In 1874, the U.S. government created the United States Reports, and numbered the volumes previously published privately as part of that series, starting from the first volume of Dallas Reports. The four volumes Dallas published were retitled volumes 1 - 4 of United States Reports. As a result, decisions appearing in these early reports have dual citation forms; one for the volume number of the United States Reports, and one for the set of reports named for the reporter (called nominative reports). For example, the complete citation to Lessee of Richardson v. Campbell is 1 U.S. 10 (1 Dallas 10) (1764).

==The Decision==

Dallas's report of this case, as with many of his early decisions, does not include the actual language of the court's decision, but only describes the proceedings in the incomplete and general terms that has evoked criticism from later generations.

As with many of the first cases reported by Dallas, this case involved a dispute over title to land in the Pennsylvania colony. The unnamed plaintiff, a tenant (lessee) of landowner Richardson, and whose right to possession of the leased land depended on Richardson's good title to the land, thus found himself defending Richardson's title to the land. The tenant sued Campbell, an opposing claimant to the same real property. The plaintiff offered a patent dated 1762, which granted title in the disputed land to Richardson, or Richardson's predecessor in title.
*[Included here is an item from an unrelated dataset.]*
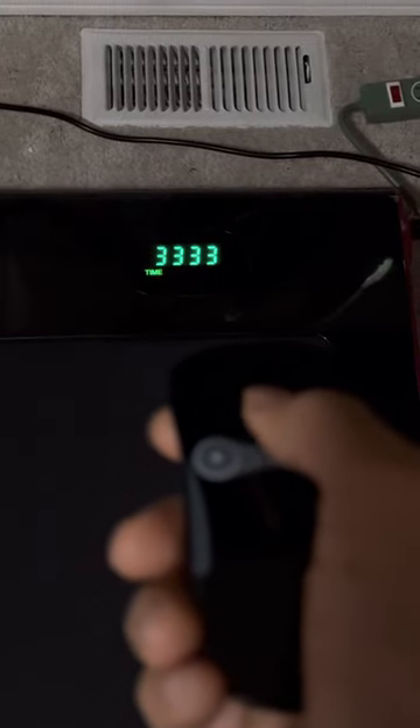That means you're ready to roll. Go ahead and turn it on and start walking at 0.6 miles an hour for about 10 minutes to get fully lubricated, and you're good to go.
The defendant Campbell offered receipts showing payments made to the Secretary of the Land Office, one Mr. Peters, several years prior to Richardson's patent. The plaintiff argued that those payments were for an adjacent tract of land.
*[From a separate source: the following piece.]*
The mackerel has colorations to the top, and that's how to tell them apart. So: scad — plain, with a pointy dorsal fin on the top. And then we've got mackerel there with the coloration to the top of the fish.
The defendant Campbell then offered a witness who was prepared to testify that Thomas Penn, the son of Pennsylvania colony founder William Penn, and who had been Proprietor of the Colony of Pennsylvania during the relevant times, had verbally stated that the land in dispute had been sold to Campbell. The plaintiff objected to this testimony, and the Court refused to allow the witness to testify.
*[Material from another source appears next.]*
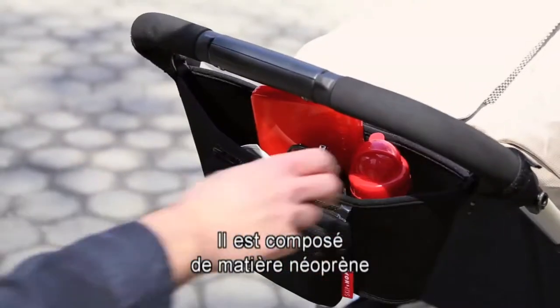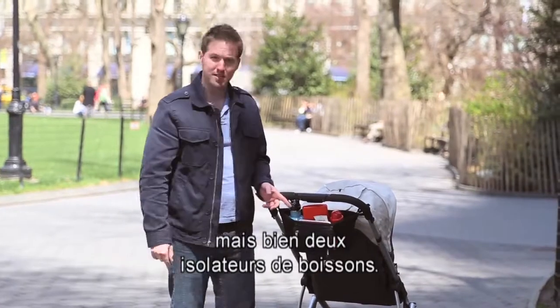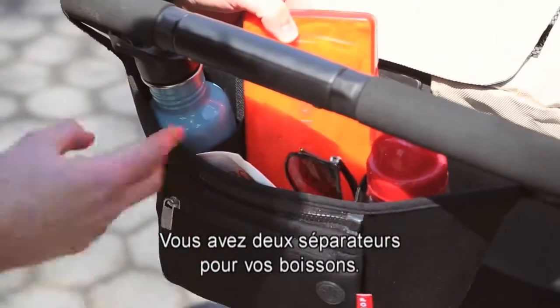The Grab and Go, made of neoprene, keeps not only one, but two beverages insulated. The Grab and Go is divided into three areas. You have two dividers for your beverages.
==The Statute of Frauds in Colonial Courts==

Though not mentioned by name, this case appears to be one of the first applications of the Statute of Frauds in the colonies. That rule, enacted by the British Parliament over eighty years before this decision was rendered, required (and in versions passed in every state in the Union still requires today) that certain transactions, including transactions involving interests in land, must be in writing, signed by the party against whom the transaction is sought to be enforced. The Court specifically ruled that the evidence of Thomas Penn's parol (verbal) transaction would not be admitted at the trial of this case.

==Precedential Effect==

The principle that transactions involving interests in land had to be in writing, signed by the "party to be charged" was well established by the Revolution, and appears in numerous colonial and early state court decisions. Infrequently, this decision was cited in support of that proposition. This decision was last known to be cited in or by a court of record in 1872, by a litigant in Kraut's Appeal, 71 Pa. 64, (Pa. 1872) who cited it before the Pennsylvania Supreme Court for the premise that the right to pass through defendants' house could not be shown by parol (that is, verbal evidence).